Additional Decisions
REALD SPARK, LLC, Plaintiff,
v.
MICROSOFT CORPORATION, Defendant
Case No. 2:22-cv-00942-TL
United States District Court, W.D. Washington, at Seattle
Signed November 20, 2023

Counsel

Ashley N. Moore, Pro Hac Vice, Michelman & Robinson, Dallas, TX, Alexandra F. Easley, Pro Hac Vice, McKool Smith PC, Dallas, TX, Enrico Trevisani, Pro Hac Vice, Michelman & Robinson LLP, New York, NY, Jennifer A. Mauri, Pro Hac Vice, Michelman & Robinson LLP, Irvine, CA, Jessica E. Pharis, Pro Hac Vice, Michelman & Robinson LLP, Houston, TX, Kaleigh Boyd, Tousley Brain Stephens PLLC, Seattle, WA, for Plaintiff.
Andrew V. Devkar, Pro Hac Vice, Morgan Lewis & Bockius LLP, Los Angeles, CA, Natalie A. Bennett, Pro Hac Vice, Morgan Lewis & Bockius, Washington, DC, Susan Stradley, Pro Hac Vice, Thomas R. Davis, Pro Hac Vice, Morgan Lewis & Bockius, Houston, TX, Benjamin J. Byer, Davis Wright Tremaine, Seattle, WA, Molly A. Terwilliger, Patricia A. Eakes, Morgan Lewis & Bockius LLP, Seattle, WA, Matthew Dumont Clark, Faegre Drinker Biddle & Reath LLP, Boulder, CO, for Defendant.
Lin, Tana, United States District Judge

ORDER ON MOTIONS TO SEAL

*1 This matter is before the Court on Defendant Microsoft Corporation's Unopposed Motion to Seal Motion to Amend and Exhibits in Support (Dkt.

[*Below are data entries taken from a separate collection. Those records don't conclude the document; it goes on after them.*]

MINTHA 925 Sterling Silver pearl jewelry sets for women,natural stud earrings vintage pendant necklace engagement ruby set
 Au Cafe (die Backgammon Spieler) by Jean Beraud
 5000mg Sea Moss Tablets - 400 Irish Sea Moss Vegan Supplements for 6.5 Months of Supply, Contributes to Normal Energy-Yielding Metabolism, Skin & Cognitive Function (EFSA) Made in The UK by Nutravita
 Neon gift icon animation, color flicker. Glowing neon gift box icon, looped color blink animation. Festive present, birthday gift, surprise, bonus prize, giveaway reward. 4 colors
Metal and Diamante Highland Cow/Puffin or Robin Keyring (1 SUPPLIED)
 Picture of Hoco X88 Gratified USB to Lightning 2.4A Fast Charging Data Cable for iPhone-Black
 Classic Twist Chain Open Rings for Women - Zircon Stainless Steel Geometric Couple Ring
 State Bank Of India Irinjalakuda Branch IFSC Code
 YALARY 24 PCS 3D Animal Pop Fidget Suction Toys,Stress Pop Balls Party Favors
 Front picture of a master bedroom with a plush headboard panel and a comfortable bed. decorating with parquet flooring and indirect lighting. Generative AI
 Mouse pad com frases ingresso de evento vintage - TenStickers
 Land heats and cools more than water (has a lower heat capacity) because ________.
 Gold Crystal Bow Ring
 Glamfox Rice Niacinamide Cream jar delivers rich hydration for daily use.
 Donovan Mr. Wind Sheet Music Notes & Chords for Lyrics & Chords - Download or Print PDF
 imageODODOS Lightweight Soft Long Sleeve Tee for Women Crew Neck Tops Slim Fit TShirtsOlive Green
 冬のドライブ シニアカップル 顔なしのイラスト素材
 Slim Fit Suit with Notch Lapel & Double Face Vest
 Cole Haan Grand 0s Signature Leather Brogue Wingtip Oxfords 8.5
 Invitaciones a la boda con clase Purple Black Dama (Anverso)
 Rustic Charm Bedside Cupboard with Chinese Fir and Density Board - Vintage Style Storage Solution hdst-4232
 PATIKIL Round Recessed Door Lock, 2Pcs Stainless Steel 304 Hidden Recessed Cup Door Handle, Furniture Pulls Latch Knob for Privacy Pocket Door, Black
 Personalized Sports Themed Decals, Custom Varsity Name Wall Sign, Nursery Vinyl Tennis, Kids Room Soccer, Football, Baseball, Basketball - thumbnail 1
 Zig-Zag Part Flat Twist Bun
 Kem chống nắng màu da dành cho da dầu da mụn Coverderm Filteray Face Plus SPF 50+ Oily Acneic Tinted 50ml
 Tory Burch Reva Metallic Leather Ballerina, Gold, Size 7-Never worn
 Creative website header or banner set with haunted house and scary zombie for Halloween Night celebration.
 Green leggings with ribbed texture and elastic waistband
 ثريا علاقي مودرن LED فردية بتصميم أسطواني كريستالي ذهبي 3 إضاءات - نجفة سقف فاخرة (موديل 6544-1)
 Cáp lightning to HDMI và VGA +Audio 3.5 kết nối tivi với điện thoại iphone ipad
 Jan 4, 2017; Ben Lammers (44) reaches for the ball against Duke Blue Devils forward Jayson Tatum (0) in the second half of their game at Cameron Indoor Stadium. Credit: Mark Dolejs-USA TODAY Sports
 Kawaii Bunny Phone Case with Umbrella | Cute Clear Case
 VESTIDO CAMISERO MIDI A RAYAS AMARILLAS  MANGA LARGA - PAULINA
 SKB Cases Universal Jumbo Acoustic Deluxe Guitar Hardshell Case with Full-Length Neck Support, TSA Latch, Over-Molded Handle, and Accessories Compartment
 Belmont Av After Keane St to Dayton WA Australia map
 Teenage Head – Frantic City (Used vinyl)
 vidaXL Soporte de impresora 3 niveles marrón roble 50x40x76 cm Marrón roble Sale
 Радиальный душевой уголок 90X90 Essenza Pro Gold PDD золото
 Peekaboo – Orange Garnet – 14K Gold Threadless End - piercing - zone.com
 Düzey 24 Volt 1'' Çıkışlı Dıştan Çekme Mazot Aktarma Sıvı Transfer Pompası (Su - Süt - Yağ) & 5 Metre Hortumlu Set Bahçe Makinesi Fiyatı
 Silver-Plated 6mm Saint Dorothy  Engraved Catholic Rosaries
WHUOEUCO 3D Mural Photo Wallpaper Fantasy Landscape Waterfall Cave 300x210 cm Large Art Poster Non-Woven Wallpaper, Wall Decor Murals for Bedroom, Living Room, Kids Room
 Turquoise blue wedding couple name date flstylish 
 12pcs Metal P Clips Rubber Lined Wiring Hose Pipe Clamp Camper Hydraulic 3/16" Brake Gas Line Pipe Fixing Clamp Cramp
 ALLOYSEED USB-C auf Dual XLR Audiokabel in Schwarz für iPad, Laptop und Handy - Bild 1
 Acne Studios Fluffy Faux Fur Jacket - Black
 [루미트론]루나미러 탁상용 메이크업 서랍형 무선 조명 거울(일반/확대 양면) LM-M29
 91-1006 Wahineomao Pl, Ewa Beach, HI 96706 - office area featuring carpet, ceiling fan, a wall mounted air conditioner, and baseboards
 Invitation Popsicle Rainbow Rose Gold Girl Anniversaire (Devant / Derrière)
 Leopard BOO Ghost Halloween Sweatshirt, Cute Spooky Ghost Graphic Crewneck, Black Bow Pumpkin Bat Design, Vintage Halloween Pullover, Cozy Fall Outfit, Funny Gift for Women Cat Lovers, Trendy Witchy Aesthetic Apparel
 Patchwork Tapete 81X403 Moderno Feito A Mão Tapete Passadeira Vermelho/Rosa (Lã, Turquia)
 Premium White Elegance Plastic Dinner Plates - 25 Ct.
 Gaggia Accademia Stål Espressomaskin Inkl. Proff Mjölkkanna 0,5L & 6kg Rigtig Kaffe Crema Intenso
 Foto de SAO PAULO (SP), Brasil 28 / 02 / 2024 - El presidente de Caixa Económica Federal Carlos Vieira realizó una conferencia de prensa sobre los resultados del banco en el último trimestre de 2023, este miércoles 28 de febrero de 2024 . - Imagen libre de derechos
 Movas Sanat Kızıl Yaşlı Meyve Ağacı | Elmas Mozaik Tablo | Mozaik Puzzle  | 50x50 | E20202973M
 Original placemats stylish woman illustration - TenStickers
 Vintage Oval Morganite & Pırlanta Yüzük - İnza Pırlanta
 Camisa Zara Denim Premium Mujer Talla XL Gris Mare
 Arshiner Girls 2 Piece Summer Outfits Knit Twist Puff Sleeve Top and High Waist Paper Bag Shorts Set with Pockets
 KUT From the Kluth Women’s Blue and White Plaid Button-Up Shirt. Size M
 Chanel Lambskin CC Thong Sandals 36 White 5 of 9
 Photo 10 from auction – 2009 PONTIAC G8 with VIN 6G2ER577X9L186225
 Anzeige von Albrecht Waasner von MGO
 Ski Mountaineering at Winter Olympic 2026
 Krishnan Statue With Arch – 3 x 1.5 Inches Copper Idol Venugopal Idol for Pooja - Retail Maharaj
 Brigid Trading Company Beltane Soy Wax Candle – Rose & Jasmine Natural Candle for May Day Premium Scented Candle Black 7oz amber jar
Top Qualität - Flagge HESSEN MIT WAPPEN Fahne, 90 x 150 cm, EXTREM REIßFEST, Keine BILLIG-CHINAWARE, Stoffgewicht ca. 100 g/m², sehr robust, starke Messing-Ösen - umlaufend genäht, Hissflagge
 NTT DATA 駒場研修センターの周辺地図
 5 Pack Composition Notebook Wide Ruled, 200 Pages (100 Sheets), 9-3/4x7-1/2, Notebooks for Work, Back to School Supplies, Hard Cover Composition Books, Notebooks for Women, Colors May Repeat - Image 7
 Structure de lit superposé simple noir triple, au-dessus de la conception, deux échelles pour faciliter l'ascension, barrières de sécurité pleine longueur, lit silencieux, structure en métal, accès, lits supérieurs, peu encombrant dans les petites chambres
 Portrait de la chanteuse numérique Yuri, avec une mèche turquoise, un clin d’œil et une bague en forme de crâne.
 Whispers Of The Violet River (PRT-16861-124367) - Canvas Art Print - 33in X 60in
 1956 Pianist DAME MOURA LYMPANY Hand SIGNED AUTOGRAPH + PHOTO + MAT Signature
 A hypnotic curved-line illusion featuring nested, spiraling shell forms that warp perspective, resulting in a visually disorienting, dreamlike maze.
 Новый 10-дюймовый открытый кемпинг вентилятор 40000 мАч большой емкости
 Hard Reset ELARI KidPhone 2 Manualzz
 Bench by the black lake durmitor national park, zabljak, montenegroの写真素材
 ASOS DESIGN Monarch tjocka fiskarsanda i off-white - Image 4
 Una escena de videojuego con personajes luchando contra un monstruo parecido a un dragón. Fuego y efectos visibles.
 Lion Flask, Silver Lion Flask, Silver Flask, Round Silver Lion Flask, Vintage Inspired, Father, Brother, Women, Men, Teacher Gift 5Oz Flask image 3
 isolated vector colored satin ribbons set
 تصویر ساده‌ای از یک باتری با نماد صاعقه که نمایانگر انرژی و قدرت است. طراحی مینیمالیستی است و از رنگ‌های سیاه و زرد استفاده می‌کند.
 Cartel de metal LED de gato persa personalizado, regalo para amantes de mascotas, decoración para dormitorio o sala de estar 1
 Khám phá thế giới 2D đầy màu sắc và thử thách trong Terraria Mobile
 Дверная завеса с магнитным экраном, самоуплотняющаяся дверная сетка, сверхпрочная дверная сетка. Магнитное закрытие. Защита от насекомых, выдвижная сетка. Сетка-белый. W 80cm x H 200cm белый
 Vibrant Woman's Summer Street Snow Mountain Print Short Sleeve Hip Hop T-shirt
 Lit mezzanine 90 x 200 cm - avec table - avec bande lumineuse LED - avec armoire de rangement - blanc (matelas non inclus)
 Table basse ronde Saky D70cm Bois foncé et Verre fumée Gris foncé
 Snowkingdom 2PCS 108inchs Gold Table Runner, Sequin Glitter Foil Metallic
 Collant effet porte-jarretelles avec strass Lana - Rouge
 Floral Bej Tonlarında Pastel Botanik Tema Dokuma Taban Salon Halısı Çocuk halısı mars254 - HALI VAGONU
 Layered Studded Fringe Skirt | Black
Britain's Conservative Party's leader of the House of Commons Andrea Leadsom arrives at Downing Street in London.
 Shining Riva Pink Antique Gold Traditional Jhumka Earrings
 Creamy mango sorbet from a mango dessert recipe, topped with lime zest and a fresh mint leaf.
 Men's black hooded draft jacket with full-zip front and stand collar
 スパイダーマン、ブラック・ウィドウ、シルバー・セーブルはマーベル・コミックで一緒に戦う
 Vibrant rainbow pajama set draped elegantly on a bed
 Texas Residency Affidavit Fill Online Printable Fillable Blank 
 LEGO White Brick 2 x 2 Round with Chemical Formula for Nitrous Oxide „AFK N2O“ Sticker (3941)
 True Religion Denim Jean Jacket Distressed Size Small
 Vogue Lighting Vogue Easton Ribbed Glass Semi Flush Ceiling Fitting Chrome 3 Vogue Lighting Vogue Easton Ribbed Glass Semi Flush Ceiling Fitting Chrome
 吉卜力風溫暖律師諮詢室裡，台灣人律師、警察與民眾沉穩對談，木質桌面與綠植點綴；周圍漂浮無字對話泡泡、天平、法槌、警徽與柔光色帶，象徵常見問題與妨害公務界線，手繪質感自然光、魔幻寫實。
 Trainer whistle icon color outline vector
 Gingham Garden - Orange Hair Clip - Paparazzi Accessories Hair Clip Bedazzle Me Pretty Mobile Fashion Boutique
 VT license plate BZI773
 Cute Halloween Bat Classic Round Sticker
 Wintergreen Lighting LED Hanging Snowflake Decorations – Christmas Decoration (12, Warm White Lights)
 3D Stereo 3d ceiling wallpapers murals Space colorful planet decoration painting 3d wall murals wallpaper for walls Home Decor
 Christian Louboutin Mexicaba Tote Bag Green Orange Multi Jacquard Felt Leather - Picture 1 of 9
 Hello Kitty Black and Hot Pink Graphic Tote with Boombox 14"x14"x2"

No. 98) and Motion to Seal Reply (Dkt. No. 105). Having reviewed Plaintiff RealD Spark, LLC's response (Dkt. No. 102) and the relevant record, the Court DENIES the motions.
I. BACKGROUND
The background and procedural history of this matter have been previously recounted in the Court's prior Orders in this matter. See Dkt. No. 63 at 2–4; Dkt. No. 108 at 1–2. Relevant here is Defendant's motion to amend its Answer to add an affirmative defense and counterclaim (Dkt. Nos. 97, 98-2 (sealed)), which included three exhibits (Dkt. Nos. 97-5–97-7, 98-7–98-9 (sealed)) and a reply (Dkt. Nos. 106, 107 (sealed)), all of which were partially redacted. The sealed exhibits (and the information therein used in Defendant's motion papers) appear to be emails exchanged between employees of Plaintiff and employees of the Skolkovo Institute of Science and Technology (“Skoltech”). See Dkt. Nos. 98-7–98-9.
Defendant now moves to keep the unredacted documents under seal “because [Plaintiff] designated this information as ‘Highly Confidential—Attorneys’ Eyes Only’ under the Protective Order.” Dkt. No. 98 at 2; Dkt. No. 105 at 2. Defendant “takes no position” on the substance of the motions. Id. Plaintiff responded in support of Defendant's Motion to Seal Motion to Amend (Dkt. No. 102) but did not file a response to Defendant's Motion to Seal Reply. However, the Court notes that the material redacted in the Motion to Seal Reply is the same as in the Motion to Seal Motion to Amend. See also Local Civil Rule (“LCR”) 5(g)(3)(B) (party who designated document confidential has burden to justify sealing).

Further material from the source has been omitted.